(Crawled caption data)
BEGIN

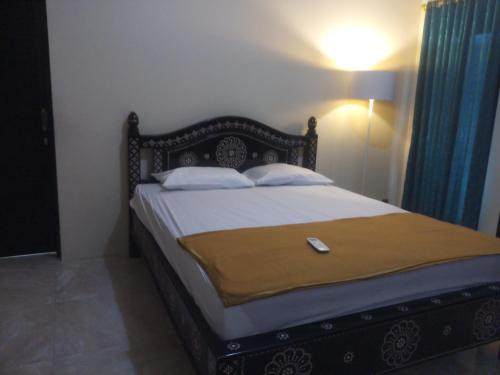 Manggelewa House | Dezustin Homestay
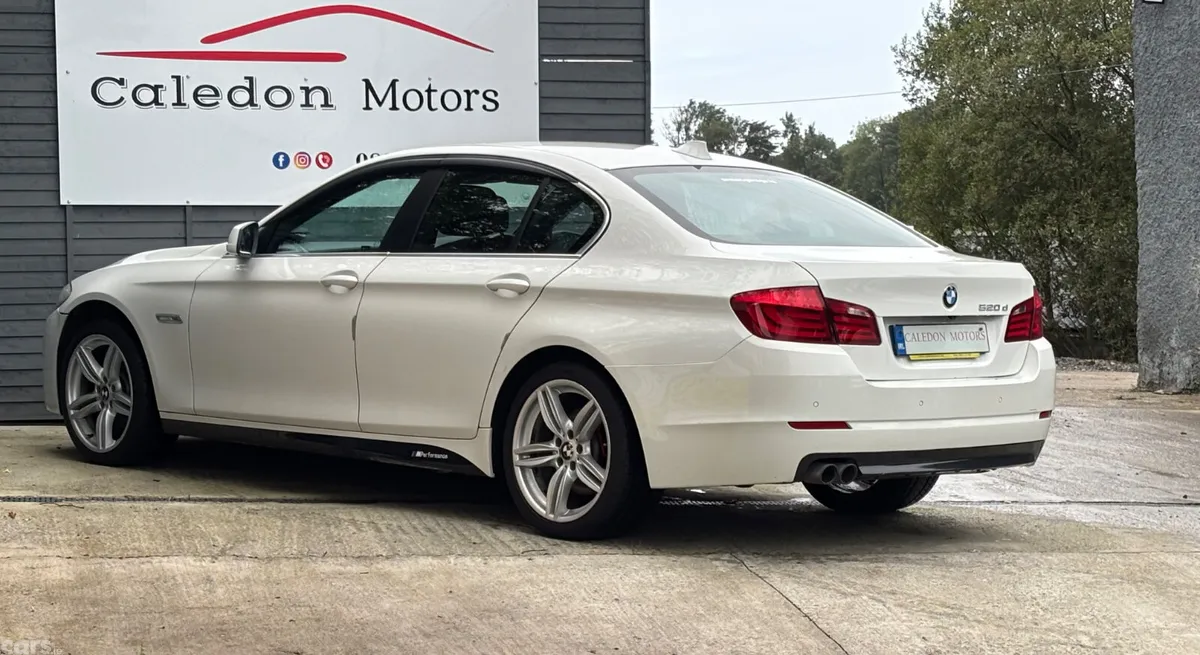 BMW 5-Series Saloon, Diesel, 2012, White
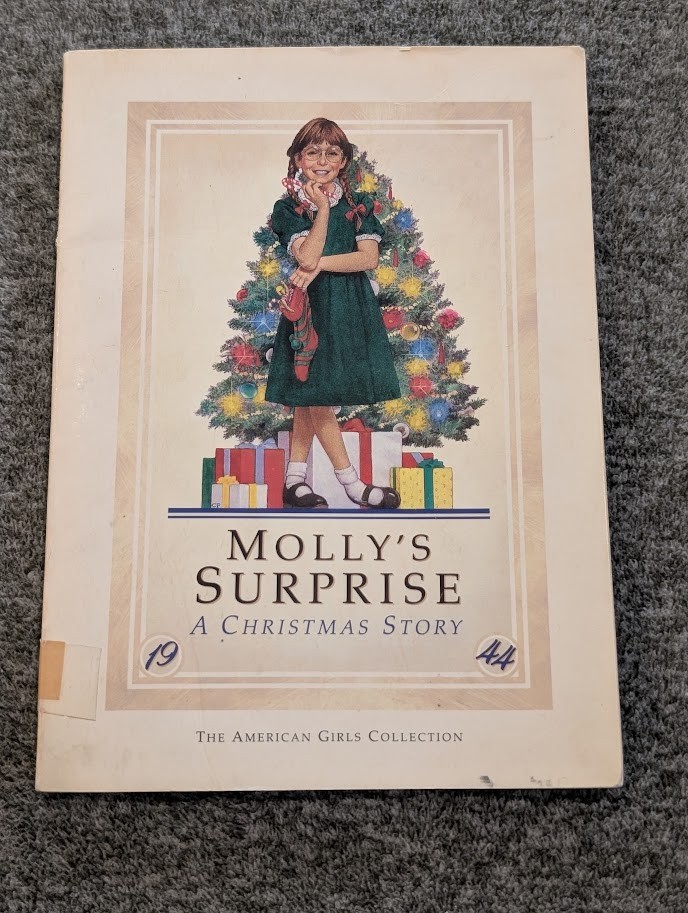 Vintage American Girl Molly Books Lot of 4 Pleasant Company Paperbacks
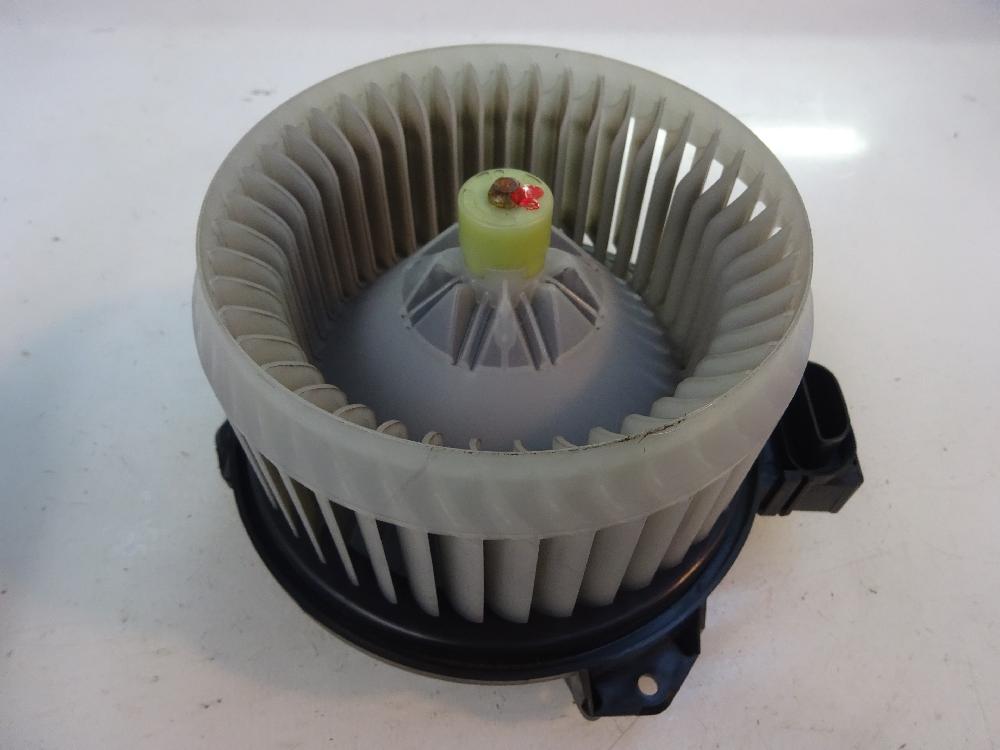 MOTOR CALEFACCION TOYOTA YARIS 2016 1.0 MT 69CV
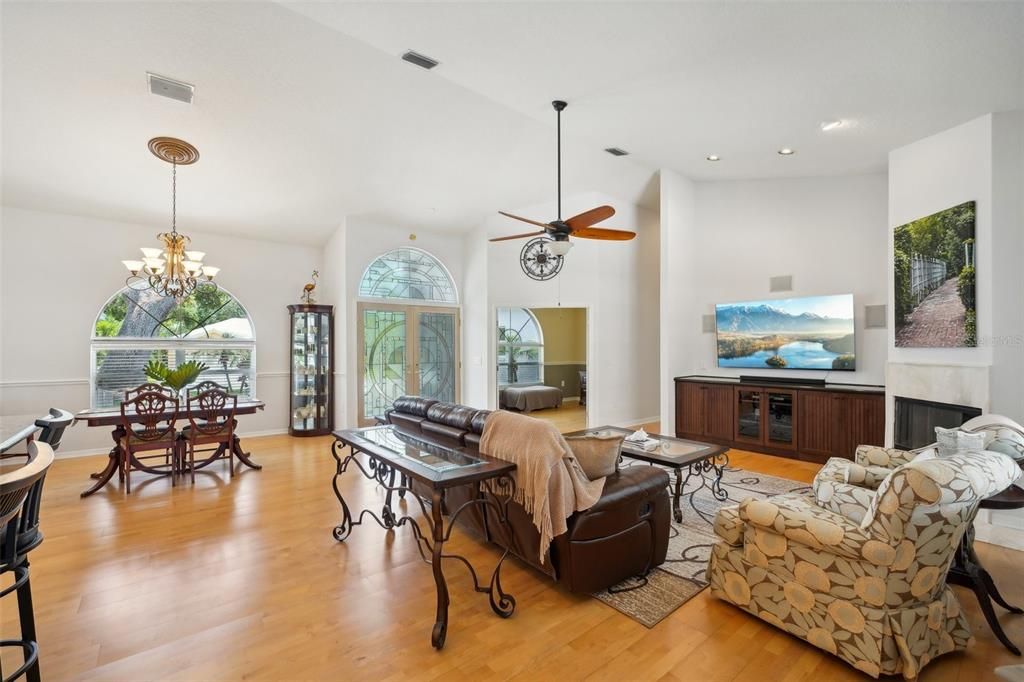 Active With Contract: $875,000 (3 beds, 3 baths, 2415 Square Feet)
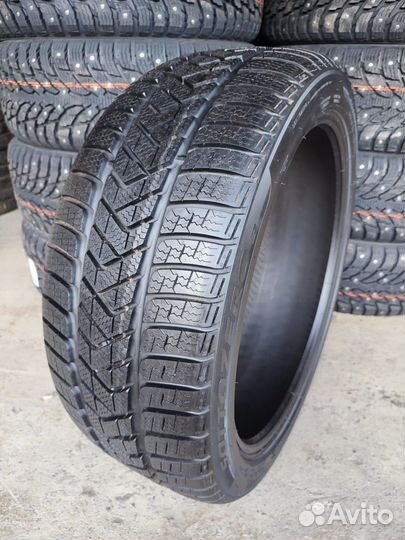 Pirelli Winter Sottozero 3 245/40 R20 99W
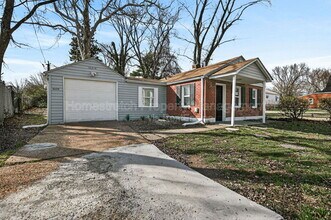 10019 Northgate Dr in St. Louis, MO - Building Photo - Building Photo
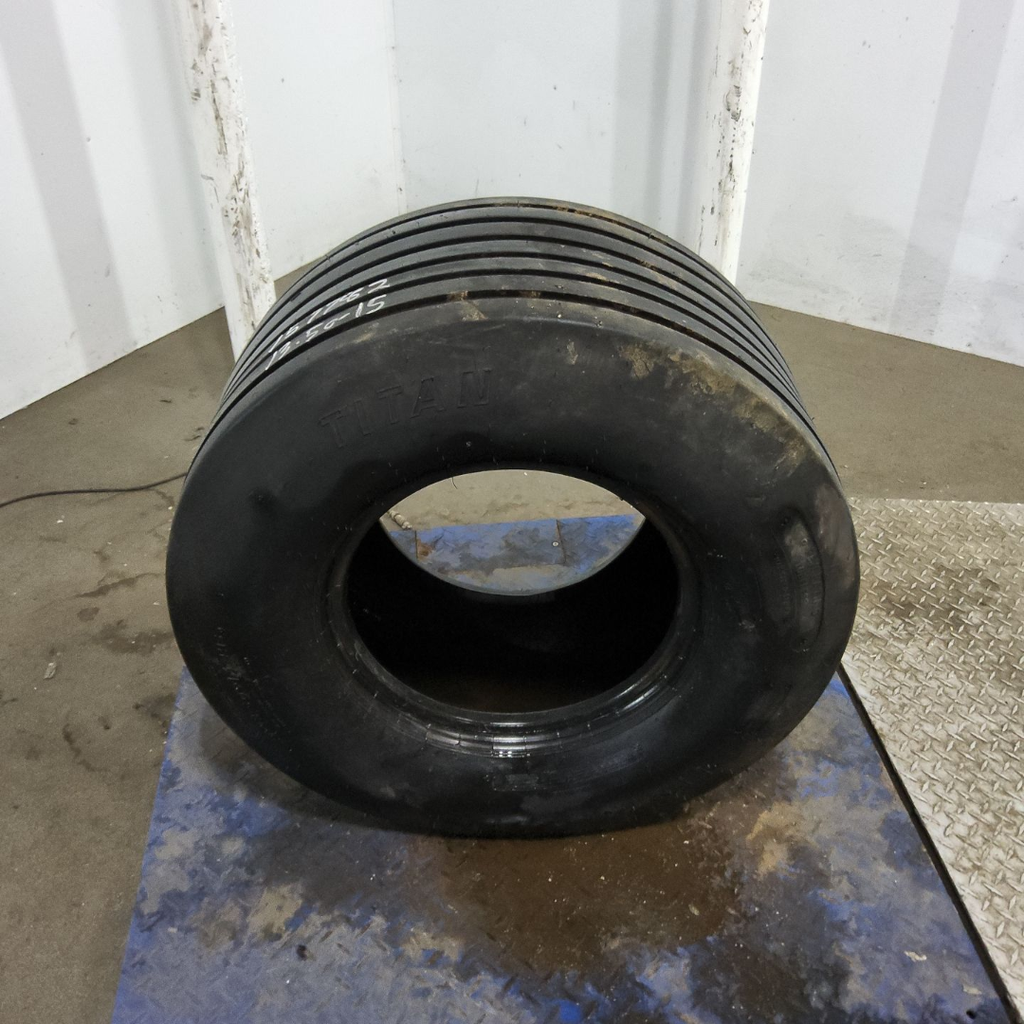 31x13.50-15 Titan Farm Flo-Trac Rib HF-1 C (6 Ply), 99%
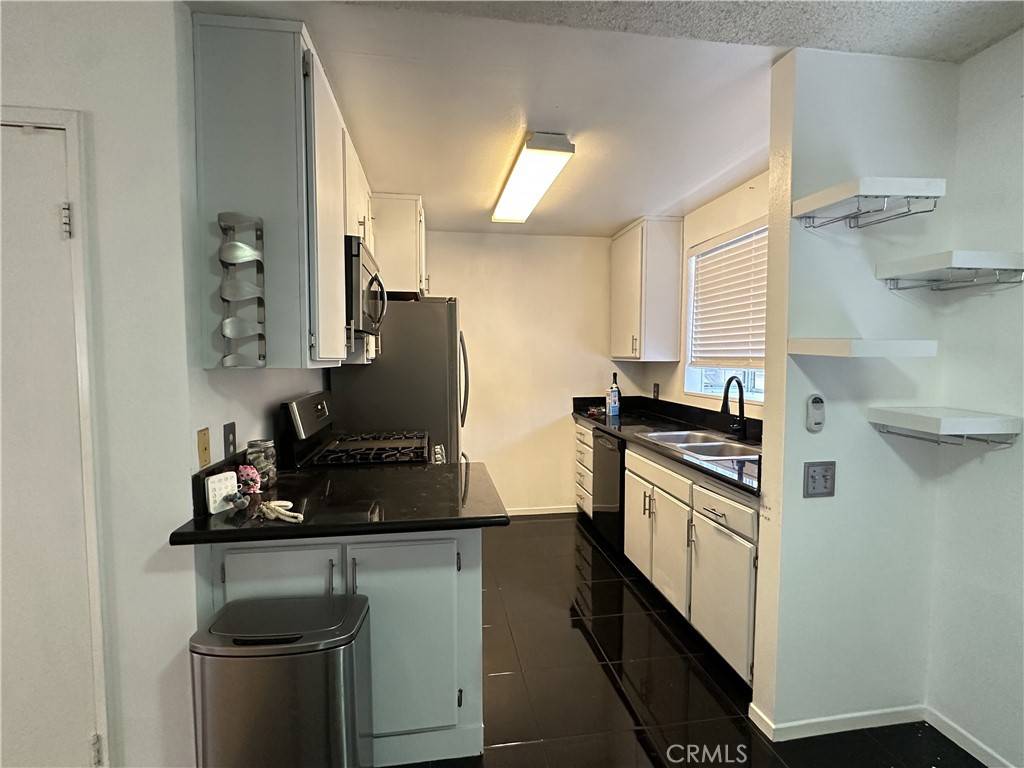 Panorama City, CA 91402,9336 Van Nuys BLVD #35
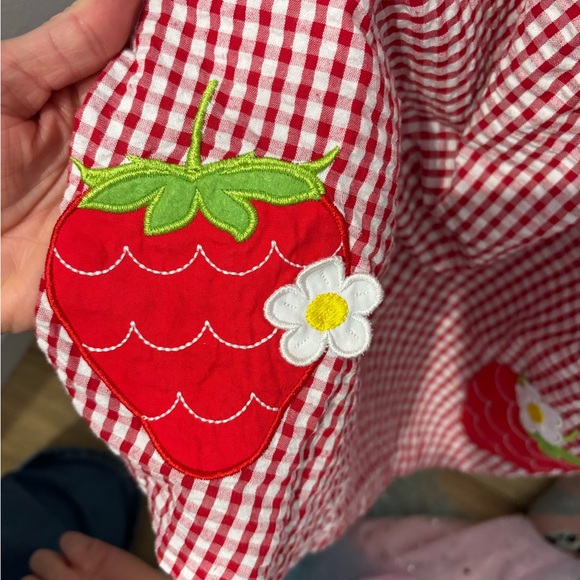 Little girl’s strawberry seersucker dress - Picture 3 of 5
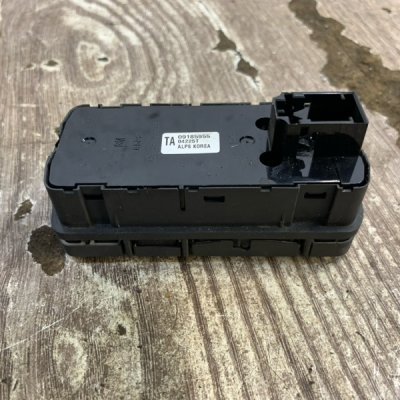 Кнопка стеклоподъемника Opel Signum 2008 Z19DTH Перед. Лев. - изображение 9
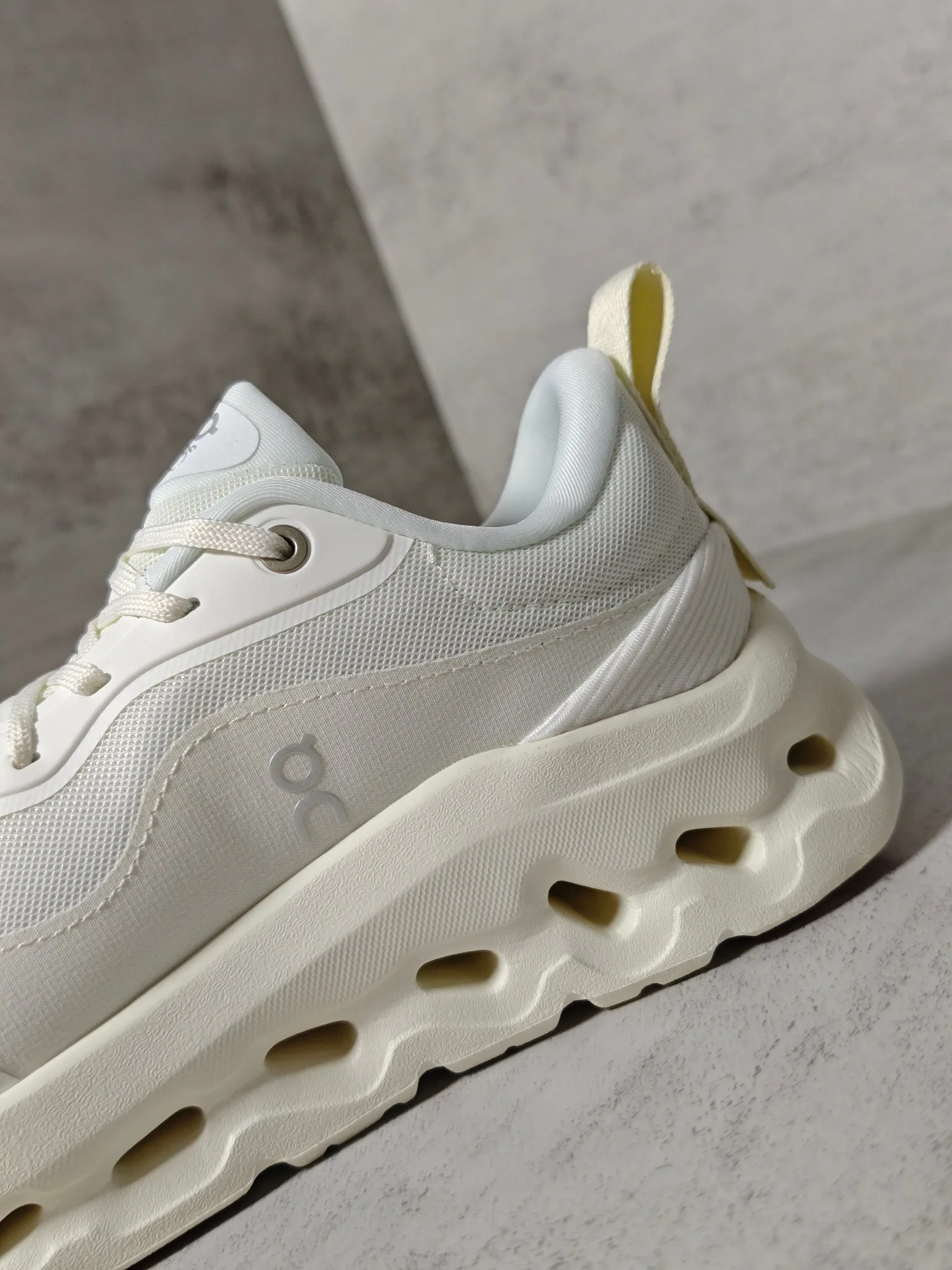 Кроссовки Женские Loewe 108304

END

• **Activity**
Once the line with "MOTOR CALEFACCION TOYOTA" has been found above, output that line and every later line exactly, stopping after the line with "10019 Northgate Dr", and omit the pictures.

• **Your response**
 MOTOR CALEFACCION TOYOTA YARIS 2016 1.0 MT 69CV
 Active With Contract: $875,000 (3 beds, 3 baths, 2415 Square Feet)
 Pirelli Winter Sottozero 3 245/40 R20 99W
 10019 Northgate Dr in St. Louis, MO - Building Photo - Building Photo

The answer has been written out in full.